When you copy the entries, match them exactly and omit the pictures.

(PROVIDED ENTRIES)

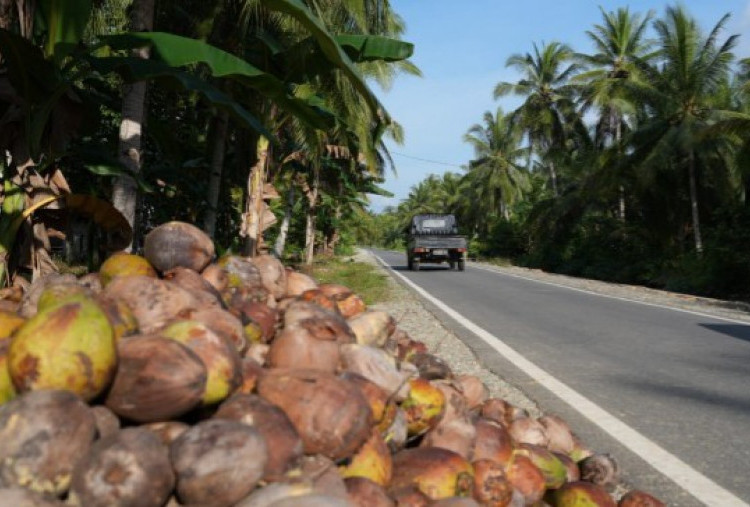 Inpres Jalan Daerah Dimulai Lagi Kuartal III 2025, Total 4 Triliun untuk 3 Ribu Proyek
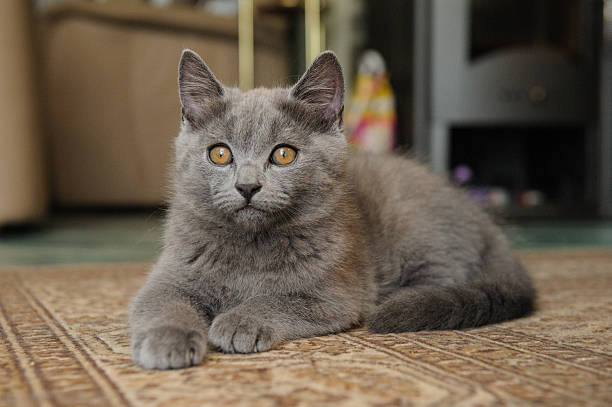 beautiful cat - 傳教士藍貓 個照片及圖片檔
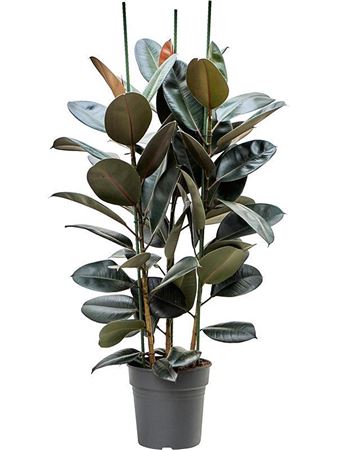 Ficus El Abidjan 3pp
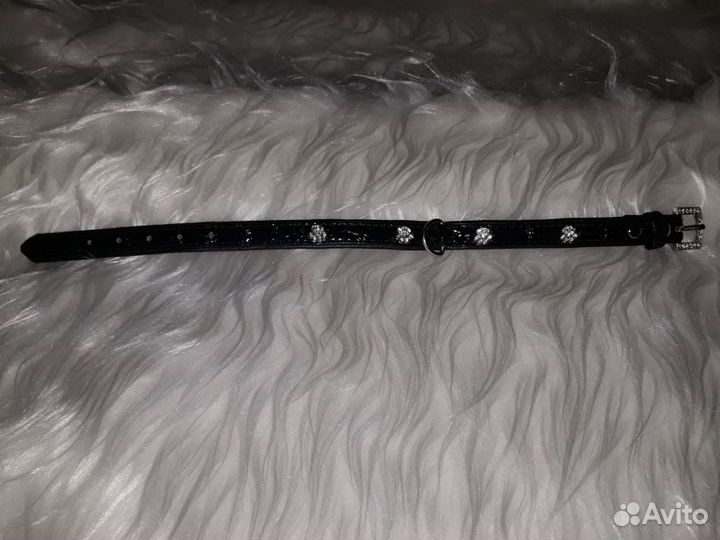 Ошейник для собак Эксклюзивный. Лаковая кожа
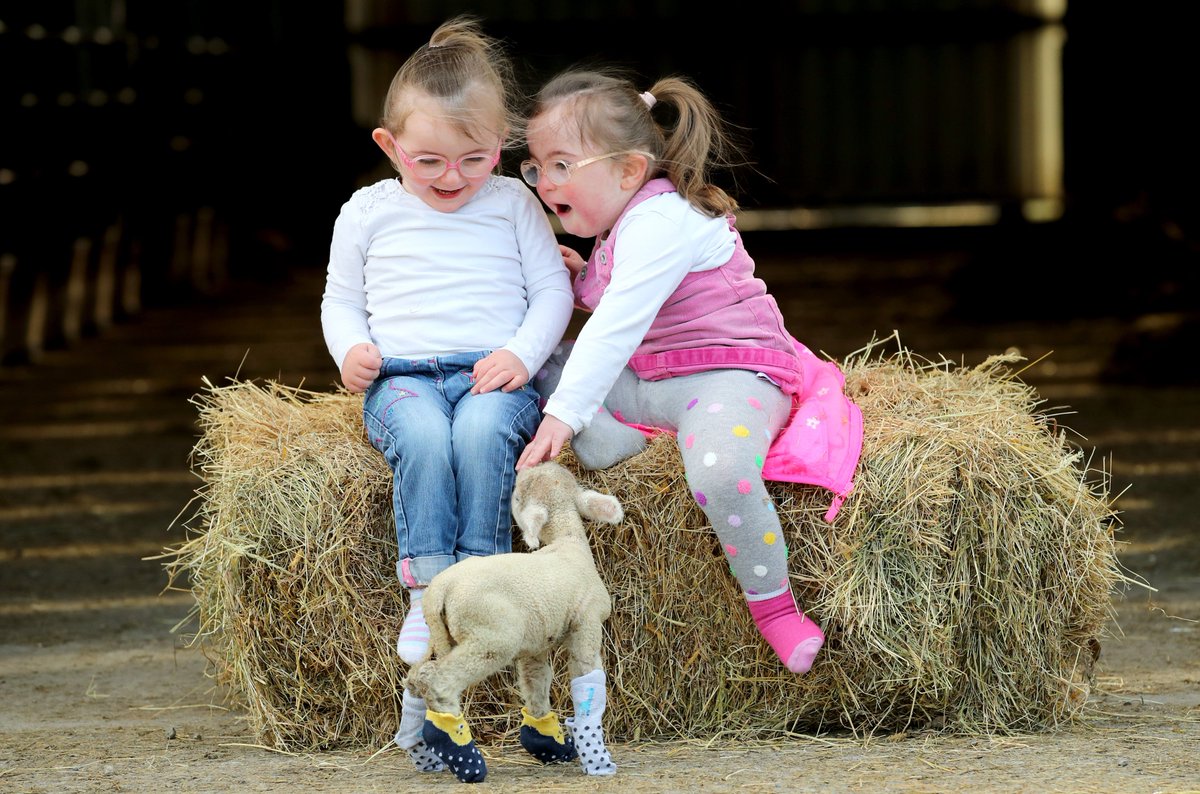 Today is World Down Syndrome Day, Took a few pictures yesterday of my daughters to help promote 
@DownSynOffaly , we had a big fundraising day planned for today but priorities have changed, lamb, kids, socks what could go wrong #rockyoursocks #ODS #LotsOfSocks4DSI #WDSD2020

(End PROVIDED ENTRIES)

EXERCISE RESULT>
 Inpres Jalan Daerah Dimulai Lagi Kuartal III 2025, Total 4 Triliun untuk 3 Ribu Proyek
 beautiful cat - 傳教士藍貓 個照片及圖片檔
 Ficus El Abidjan 3pp
 Ошейник для собак Эксклюзивный. Лаковая кожа
 Today is World Down Syndrome Day, Took a few pictures yesterday of my daughters to help promote 
@DownSynOffaly , we had a big fundraising day planned for today but priorities have changed, lamb, kids, socks what could go wrong #rockyoursocks #ODS #LotsOfSocks4DSI #WDSD2020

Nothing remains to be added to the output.